───── EXERCISE DATA ─────

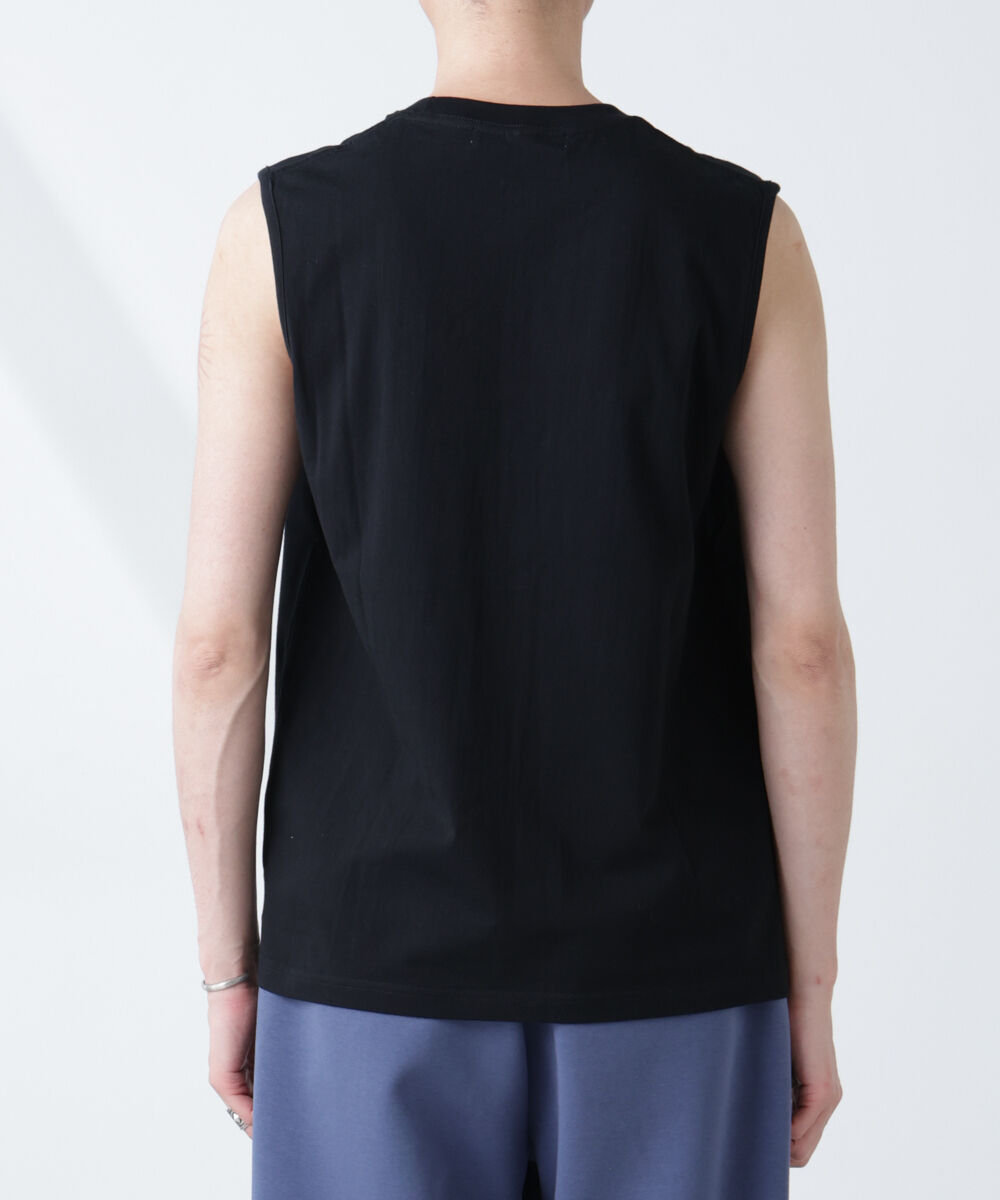 NANO universe「「NJ/CLUB」 ベーシック ノースリーブ」|Tシャツ・カットソー|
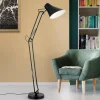New ORION Lampadaire Bachelor avec articulations réglables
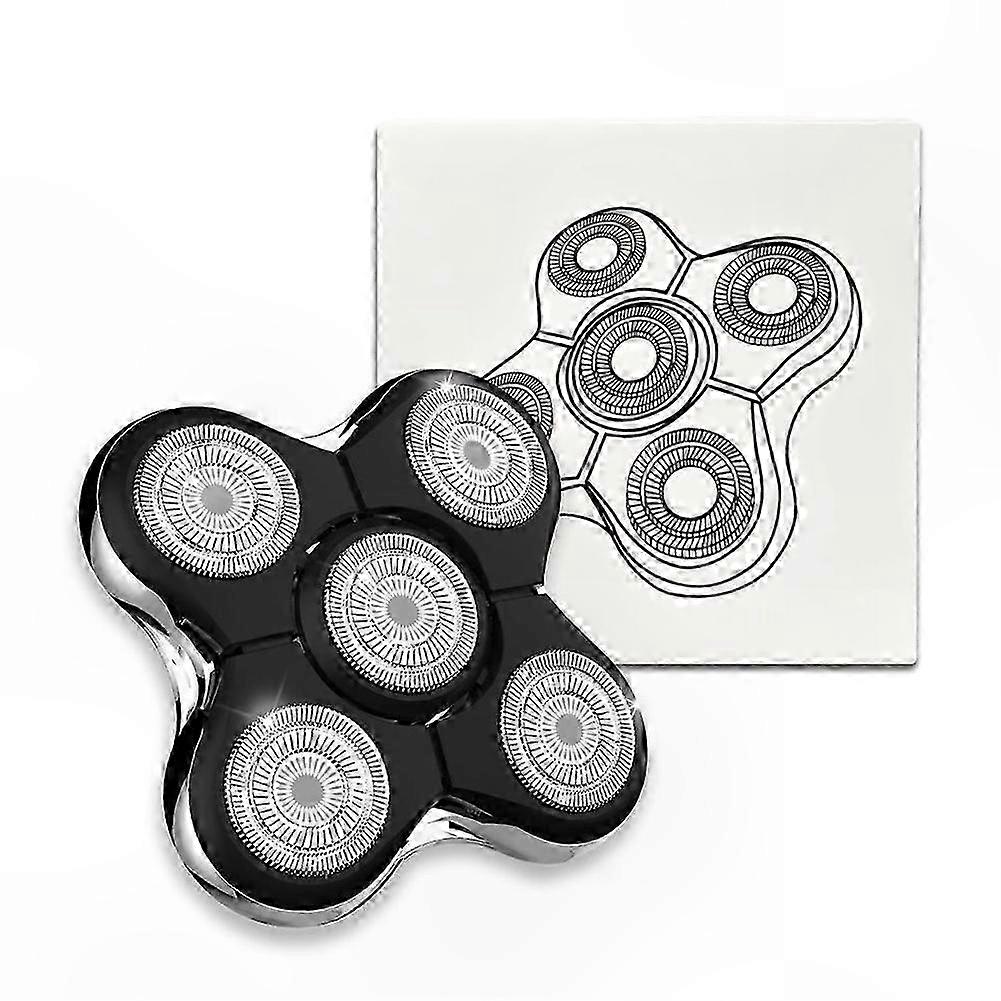 Replacement Shaver Head for Electric Razors, Compatible with XR7000, XR1500, XR1501 Models for Bald Men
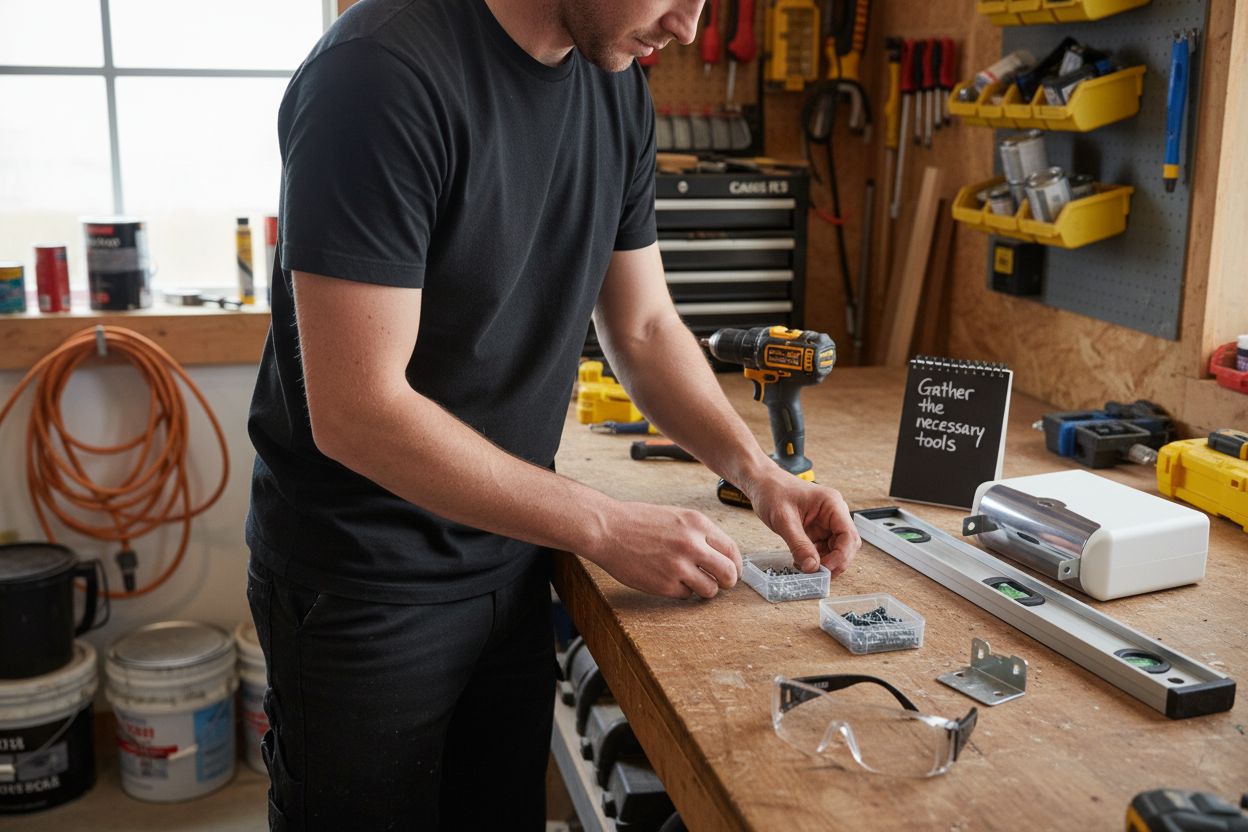 paper towel dispenser installation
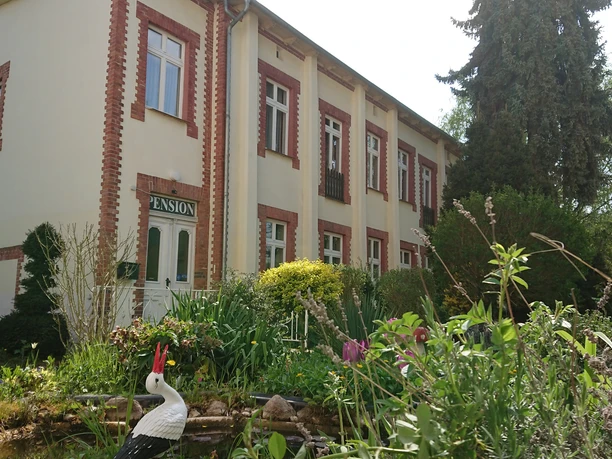 Pension im Gesundbrunnental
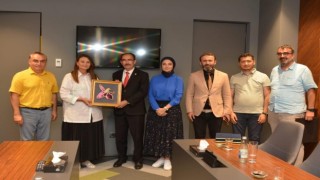Azerbaycanlı öğrenciler hakkında bilgi alışverişi yapıldı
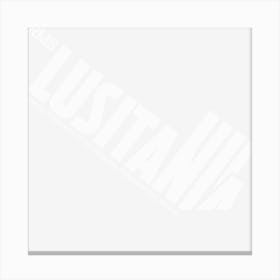 Rms Lusitania Canvas Print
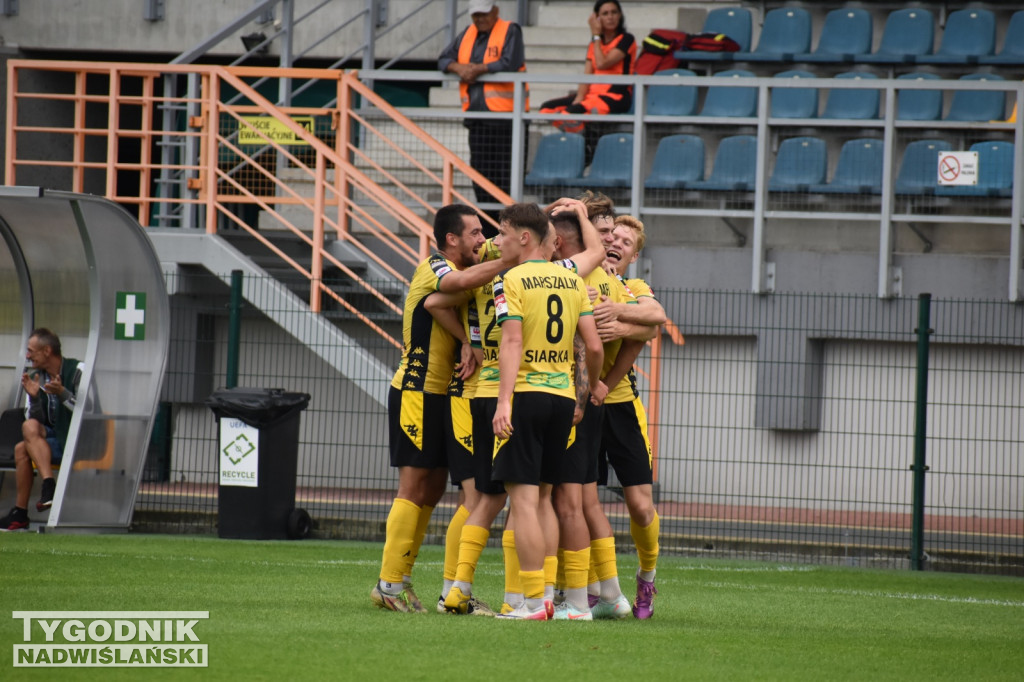 Siarka Tarnobrzeg - Korona II Kielce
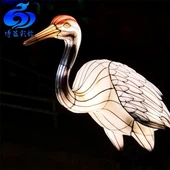 Festivaalin koristelukangasnosturilyhty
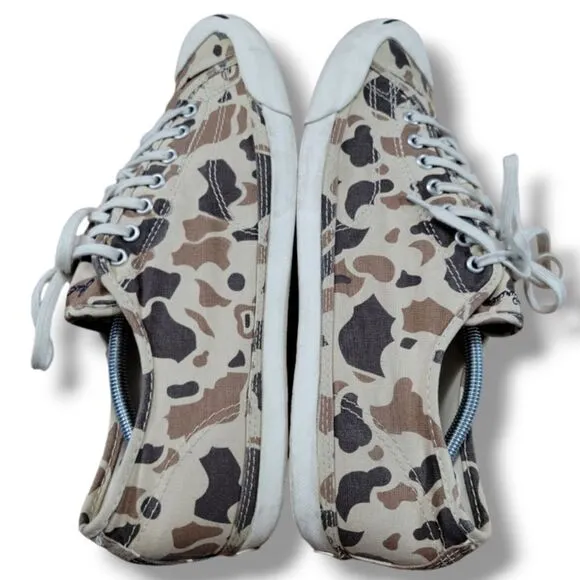 Converse Shoes Size 13 Converse Jack Purcell JP OX Shoes Safari Camo Camouflage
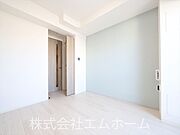 洋室6.2帖　クローゼット（収納充実してます）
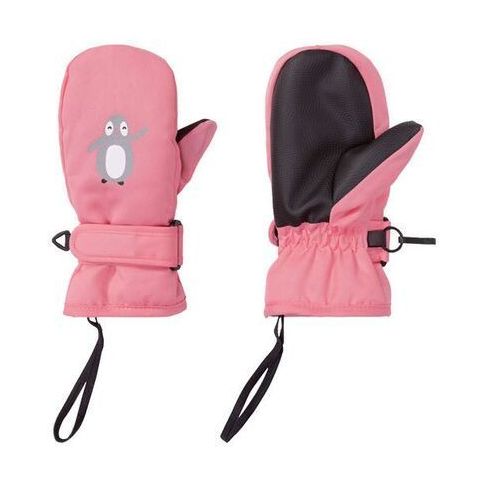 Lupilu mittens with polar insulation Thinsulate pink size 3.5 buy in online store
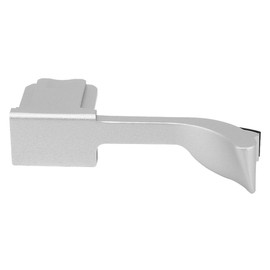 Haoge THB-QS Thumb Up Grip Silver Thumb Rest Black Camera Thumb Grip Thumb Grip for Leica Q2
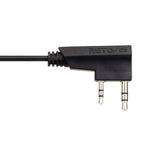 RETEVIS TCK01 Kenwood 2-Pin zu 3,5mm weibliches Handy-Audio-Ohrhörer-Übertragungskabel für RT21/RT22/RT24/RT7/RT27/H777, TCK01
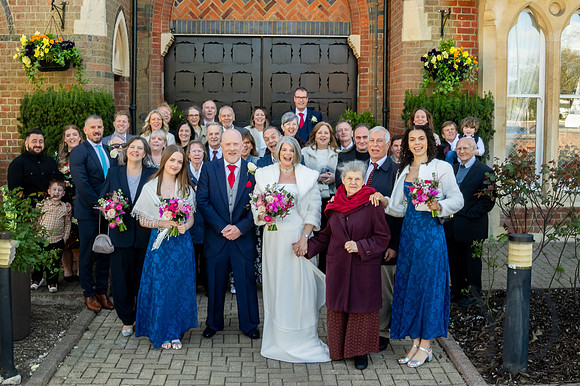 Alethia & Dean's St Albans wedding- 176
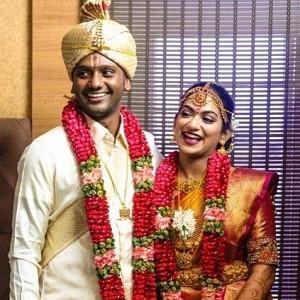 'Jeeva' fame actor Lakshman gets married to Samyuktha Rajkumar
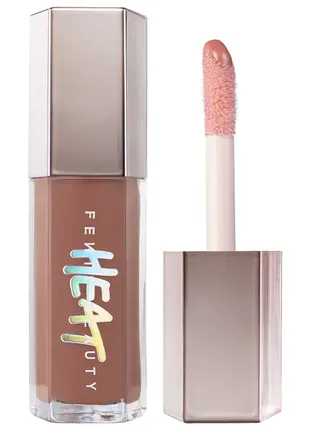 Fenty beauty gloss bomb universal lip luminizer блеск для губ в fenty glow, 9 мл1 фото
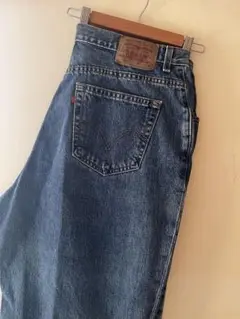 No.4405 US古着Levi’s 550 濃紺デニム 18M テーパード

─────

WHAT THE TASK REQUIRES. Would you restate, exactly and with no pictures, the lines of the entries above from the one containing "New ORION Lampadaire" through the one containing "Haoge THB-QS Thumb"?

WRITTEN SOLUTION.
New ORION Lampadaire Bachelor avec articulations réglables
 Replacement Shaver Head for Electric Razors, Compatible with XR7000, XR1500, XR1501 Models for Bald Men
 paper towel dispenser installation
 Pension im Gesundbrunnental
Azerbaycanlı öğrenciler hakkında bilgi alışverişi yapıldı
 Rms Lusitania Canvas Print
 Siarka Tarnobrzeg - Korona II Kielce
 Festivaalin koristelukangasnosturilyhty
 Converse Shoes Size 13 Converse Jack Purcell JP OX Shoes Safari Camo Camouflage
 洋室6.2帖　クローゼット（収納充実してます）
 Lupilu mittens with polar insulation Thinsulate pink size 3.5 buy in online store
 Haoge THB-QS Thumb Up Grip Silver Thumb Rest Black Camera Thumb Grip Thumb Grip for Leica Q2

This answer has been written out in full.